The TOP500 list was introduced over 20 years ago to assess supercomputer performance at a time when a major technical challenge was solving dense linear algebra problems on high-end computers. Now, most consider the list a marketing tool or an easy, if simplistic, way to impress politicians, funding agencies, and the naïve rather than having much technical value.

The TOP500 list is based on the floating point computational performance assessed by a single benchmark, Linpack, which performs a dense matrix calculation. Unfortunately, the TOP500 does not provide comprehensive insight for the achievable sustained performance of real applications on any system—most compute-intense applications today stress many features of the computing system and data-intensive applications require an entirely different set of metrics. Yet, many sites feel compelled to submit results to the TOP500 list “because everyone has to.”
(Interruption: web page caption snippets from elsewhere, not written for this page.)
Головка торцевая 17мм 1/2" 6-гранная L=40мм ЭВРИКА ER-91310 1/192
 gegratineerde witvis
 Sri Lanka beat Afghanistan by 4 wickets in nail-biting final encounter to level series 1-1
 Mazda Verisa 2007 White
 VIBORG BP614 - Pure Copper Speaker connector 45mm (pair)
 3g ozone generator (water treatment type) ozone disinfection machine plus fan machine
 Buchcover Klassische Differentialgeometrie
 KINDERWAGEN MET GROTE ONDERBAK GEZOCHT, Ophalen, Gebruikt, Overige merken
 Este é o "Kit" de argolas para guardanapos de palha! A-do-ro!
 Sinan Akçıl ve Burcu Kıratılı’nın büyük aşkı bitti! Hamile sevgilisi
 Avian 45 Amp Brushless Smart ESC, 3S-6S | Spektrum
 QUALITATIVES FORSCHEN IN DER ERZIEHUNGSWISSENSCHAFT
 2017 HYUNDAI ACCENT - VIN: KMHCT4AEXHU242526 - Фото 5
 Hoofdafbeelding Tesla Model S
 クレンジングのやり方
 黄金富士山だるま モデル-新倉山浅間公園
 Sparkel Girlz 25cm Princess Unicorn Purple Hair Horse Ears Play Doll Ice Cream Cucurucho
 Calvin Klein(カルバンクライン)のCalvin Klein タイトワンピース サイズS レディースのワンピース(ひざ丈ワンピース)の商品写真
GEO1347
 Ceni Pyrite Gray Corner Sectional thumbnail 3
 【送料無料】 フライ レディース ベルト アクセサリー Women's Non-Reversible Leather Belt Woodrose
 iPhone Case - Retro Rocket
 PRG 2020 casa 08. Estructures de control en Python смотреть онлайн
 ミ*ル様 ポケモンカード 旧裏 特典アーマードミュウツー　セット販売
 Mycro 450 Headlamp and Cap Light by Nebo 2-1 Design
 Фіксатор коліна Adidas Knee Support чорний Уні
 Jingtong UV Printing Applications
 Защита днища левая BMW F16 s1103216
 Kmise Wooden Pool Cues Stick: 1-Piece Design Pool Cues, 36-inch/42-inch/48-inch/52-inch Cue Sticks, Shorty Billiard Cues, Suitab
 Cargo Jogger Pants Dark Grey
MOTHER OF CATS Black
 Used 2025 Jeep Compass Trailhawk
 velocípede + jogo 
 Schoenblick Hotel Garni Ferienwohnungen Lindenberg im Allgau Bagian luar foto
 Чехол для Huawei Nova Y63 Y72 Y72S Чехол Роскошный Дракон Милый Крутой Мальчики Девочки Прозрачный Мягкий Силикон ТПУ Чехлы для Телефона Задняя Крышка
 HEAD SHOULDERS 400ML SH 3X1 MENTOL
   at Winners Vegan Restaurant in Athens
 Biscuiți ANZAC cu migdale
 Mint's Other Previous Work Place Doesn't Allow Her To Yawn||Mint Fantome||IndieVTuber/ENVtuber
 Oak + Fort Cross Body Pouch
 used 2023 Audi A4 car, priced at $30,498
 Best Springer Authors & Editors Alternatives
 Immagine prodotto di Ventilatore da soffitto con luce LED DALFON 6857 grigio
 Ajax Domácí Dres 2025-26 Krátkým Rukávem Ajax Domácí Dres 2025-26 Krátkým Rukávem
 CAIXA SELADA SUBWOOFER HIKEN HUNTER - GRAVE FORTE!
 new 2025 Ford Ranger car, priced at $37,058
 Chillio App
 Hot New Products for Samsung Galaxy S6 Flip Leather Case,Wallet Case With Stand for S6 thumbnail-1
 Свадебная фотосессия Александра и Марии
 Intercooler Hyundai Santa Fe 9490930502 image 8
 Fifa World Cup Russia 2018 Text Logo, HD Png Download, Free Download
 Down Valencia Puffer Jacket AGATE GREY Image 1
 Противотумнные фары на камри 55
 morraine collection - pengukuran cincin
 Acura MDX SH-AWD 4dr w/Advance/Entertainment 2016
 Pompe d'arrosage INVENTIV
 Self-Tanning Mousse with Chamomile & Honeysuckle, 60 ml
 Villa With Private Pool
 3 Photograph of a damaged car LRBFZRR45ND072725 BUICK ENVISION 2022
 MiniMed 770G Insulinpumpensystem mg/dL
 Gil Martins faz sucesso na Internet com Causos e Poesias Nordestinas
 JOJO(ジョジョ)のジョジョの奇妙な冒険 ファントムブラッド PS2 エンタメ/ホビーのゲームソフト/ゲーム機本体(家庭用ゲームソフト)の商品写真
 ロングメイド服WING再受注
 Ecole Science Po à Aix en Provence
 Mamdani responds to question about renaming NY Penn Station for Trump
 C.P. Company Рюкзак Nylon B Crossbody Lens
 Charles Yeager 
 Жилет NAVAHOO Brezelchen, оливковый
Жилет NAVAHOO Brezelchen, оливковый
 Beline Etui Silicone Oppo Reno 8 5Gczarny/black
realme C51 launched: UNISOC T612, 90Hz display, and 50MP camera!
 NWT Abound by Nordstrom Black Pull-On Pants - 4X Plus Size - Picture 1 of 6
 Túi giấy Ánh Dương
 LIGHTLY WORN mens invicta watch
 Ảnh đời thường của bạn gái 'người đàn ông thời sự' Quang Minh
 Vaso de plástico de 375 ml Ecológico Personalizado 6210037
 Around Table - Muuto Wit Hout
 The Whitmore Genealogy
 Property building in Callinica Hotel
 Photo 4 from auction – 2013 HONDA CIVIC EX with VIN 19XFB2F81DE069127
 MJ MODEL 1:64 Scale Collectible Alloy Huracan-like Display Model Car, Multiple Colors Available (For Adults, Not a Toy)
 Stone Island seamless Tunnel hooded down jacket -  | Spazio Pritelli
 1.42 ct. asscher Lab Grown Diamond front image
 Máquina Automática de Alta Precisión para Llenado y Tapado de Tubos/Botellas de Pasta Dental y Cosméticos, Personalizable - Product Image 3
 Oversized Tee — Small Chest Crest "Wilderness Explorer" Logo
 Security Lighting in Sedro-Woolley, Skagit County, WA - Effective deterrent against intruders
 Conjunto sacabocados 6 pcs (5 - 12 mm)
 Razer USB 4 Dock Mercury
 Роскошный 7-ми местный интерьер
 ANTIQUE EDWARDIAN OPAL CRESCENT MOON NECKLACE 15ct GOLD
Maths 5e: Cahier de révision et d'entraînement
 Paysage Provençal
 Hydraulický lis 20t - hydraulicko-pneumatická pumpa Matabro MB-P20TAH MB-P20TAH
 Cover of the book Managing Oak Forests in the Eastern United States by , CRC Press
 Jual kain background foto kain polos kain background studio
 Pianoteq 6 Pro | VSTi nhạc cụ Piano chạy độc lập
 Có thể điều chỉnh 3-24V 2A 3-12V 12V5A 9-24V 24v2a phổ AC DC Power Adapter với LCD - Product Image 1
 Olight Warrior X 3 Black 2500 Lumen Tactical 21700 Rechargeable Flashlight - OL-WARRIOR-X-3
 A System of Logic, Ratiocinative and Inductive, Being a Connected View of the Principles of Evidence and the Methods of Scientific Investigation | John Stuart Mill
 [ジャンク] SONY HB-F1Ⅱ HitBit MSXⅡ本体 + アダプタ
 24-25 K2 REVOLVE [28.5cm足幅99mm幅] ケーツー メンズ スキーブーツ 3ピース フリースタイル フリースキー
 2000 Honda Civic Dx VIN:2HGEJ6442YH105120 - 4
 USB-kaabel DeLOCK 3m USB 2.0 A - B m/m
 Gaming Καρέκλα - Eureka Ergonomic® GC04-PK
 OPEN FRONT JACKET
It is time to ask, “Does everyone have to?” and more specifically, “Why does the HPC community let itself be led by a misleading metric?” Some computer centers, driven by the relentless pressure for a high list ranking, skew the configurations of the computers they acquire to maximize Linpack, to the detriment of the real work to be performed on the system.

The TOP500 list and its associated Linpack benchmark have multiple, serious problems. This column is too short to deal with all of them in detail. But a few of the issues and possible solutions are briefly listed below.

The TOP500 list disenfranchises many important application areas.

All science disciplines use multiple methods to pursue science goals. Linpack only deals with dense linear systems and gives no insight into how well a system works for most of the algorithmic methods (and hence applications) in use today. The lack of relevance to many current methods will get worse as we move from petascale to exascale computers since the limiting factor in performance in these systems will be bandwidth of memory and interconnects.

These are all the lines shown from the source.